As best shown in FIG. 1, mounted pivotally to upper distal ends 62 of the adjustment member 58 of the respective assemblies 48, 50 are respective elongated arms 64, 66 biased in respective normal positions 68, 70. Arm 64 of the first cutting assembly 48 extends substantially horizontal and between a base end 72 and a distal end 74. The base end 72 engages pivotally to the distal end 62 of the support frame 52 of the first cutting assembly 48 and about pivot axis 76 that is substantially vertical. When in the normal position 68, arm 64 is spaced above and projects over the first side 44 of the transport 34 and partially over the belt 38 and beyond the centerline 36 so that the distal end 74 is spaced above the belt 38 and cantilevers outward from the support frame 52 over the transport 34 between the centerline 36 and the second side 46 of the transport 34. As best shown in FIGS. 5 and 7, the degree or amount that the arm 64 laterally traverses the transport 34 when in the normal position 60 is adjustable via a threadably adjustable stop 75 carried by the distal end 62 of the support frame 52 that is in rotational or circumferential contact with a protruding tab or circumferentially facing surface 77 of the base end 72 of the arm 64. Preferably, the adjustable stop 75 also functions as a shock absorber with the addition of a compression spring (not shown). One skilled in the art would now appreciate that the base member 56 of the support frames 52 may have a typical self-leveling feature (not shown) such that the arcuate movement of the swing arms 64, 66 is generally parallel to the transport 34.

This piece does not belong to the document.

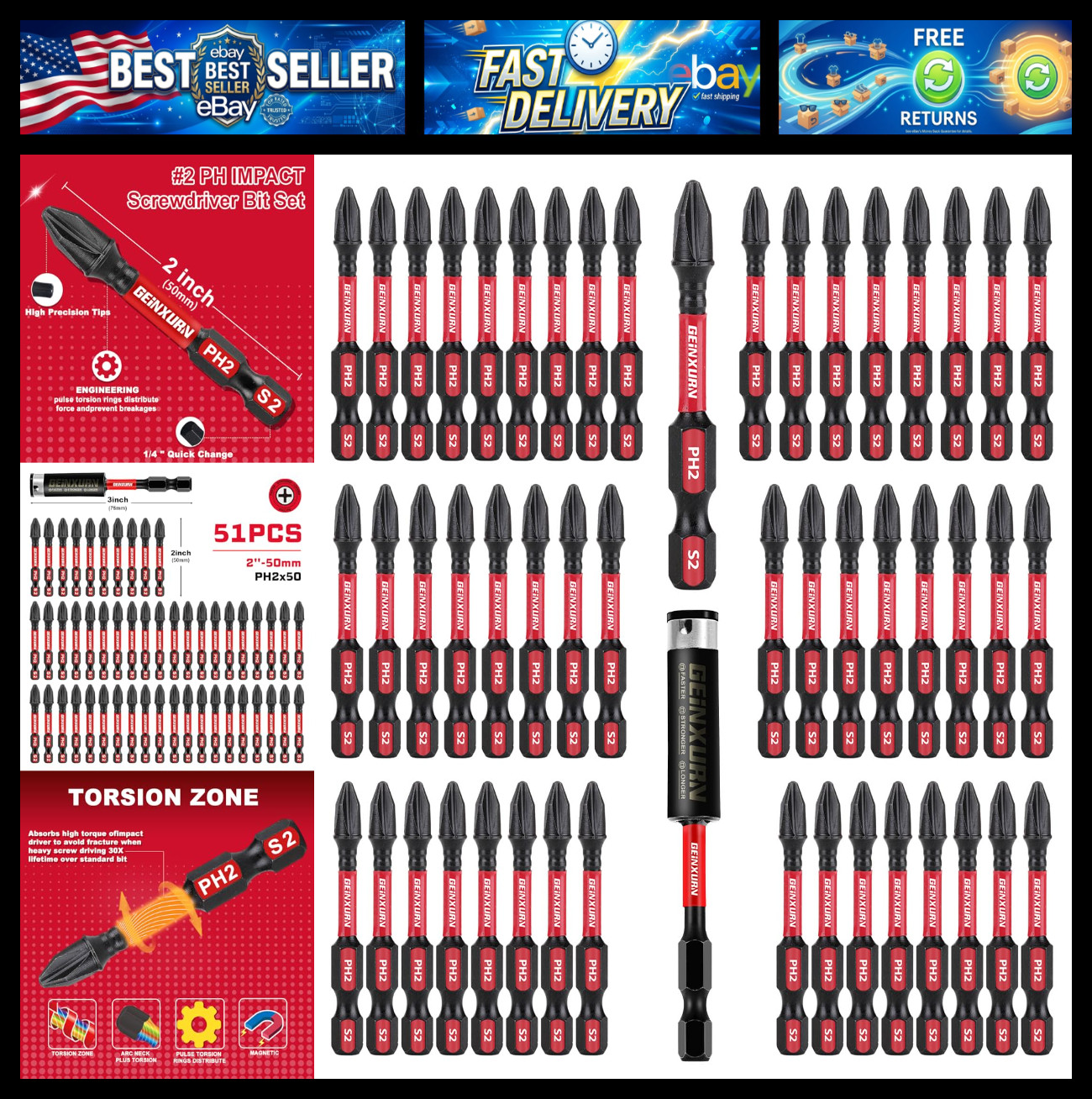 Impact Tough #2 Phillips 2 in. Insert Driver Bits,50Pack PH2 Screwdriver Bits Se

A cutter 78 is attached to the distal end 74 of arm 64 for cutting the wrapping 22 of the wrapped product 24. The cutter 78 preferably has a disc 80 that tapers radially outward to a circumferentially extending apex 82. Preferably, the disc 80 does not rotate but is mounted releasably to and preferably beneath the distal end 74. Because the disc 80 does not rotate, the resultant increase in friction as the apex 82 slides across the wrapping 22 assists in the cutting. As the apex 82 wears, the disc 80 can be loosened and rotated with respect to the distal end 74 thereby exposing an unwarned portion of the apex 82. The necessary sharpness of the apex 82 of the disc 80 is dependent upon the wrapping material. Preferably, an electric heating element 86 mounts to the distal end 74 of the arm 64 and generally communicates with the disc 80 for heating thereof when the wrapping 22 is made of heat sensitive material such as plastic and/or shrink wrap. As best shown in FIGS. 5 and 6, electric leads or wires 88 extend from the heat element 86 and to a remote controller 90 that controls the temperature of the disc 80 and may control the speed of the transport 34.

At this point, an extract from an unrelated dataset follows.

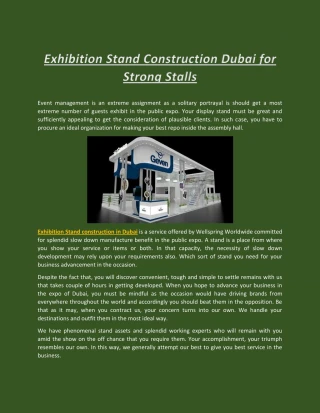 Exhibition Stand Construction Dubai for Strong Stalls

Alternatively, the disc 80 may be mounted rotatably to the distal end 74 and about a rotation axis 84 orientated substantially parallel to the pivot axis 76. Although in this embodiment the disc 80 produces less friction, it is less likely to snag upon the wrapped product 24 when cutting and will evenly wear around the entire circumference of the apex 82.

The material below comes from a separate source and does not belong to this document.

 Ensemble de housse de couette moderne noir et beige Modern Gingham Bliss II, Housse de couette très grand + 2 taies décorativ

Similar to the first assembly 48, the arm 66 of the second assembly 50 extends substantially horizontal and between a base end 92 and a distal end 94. The base end 92 engages pivotally to the distal end 62 of the support frame 52 of the second cutting assembly 50 and about pivot axis 96 that is substantially vertical. When in the normal position 70, arm 66 is spaced above and projects over the second side 46 of the transport 34 and partially over the belt 38 and beyond the centerline 36 so that the distal end 94 is spaced above the belt 38 and cantilevers outward from the support frame 52 over the transport 34 between the centerline 36 and the first side 44 of the transport 34. As best shown in FIGS. 5 and 7, the degree or amount that the arm 66 laterally traverses the transport 34 when in the normal position 70 is adjustable via a threadably adjustable stop 75 of assembly 50 carried by the distal end 62 of the support frame 52 that is in rotational or circumferential contact with a protruding tab or circumferentially facing surface 77 of the base end 92 of the arm 66.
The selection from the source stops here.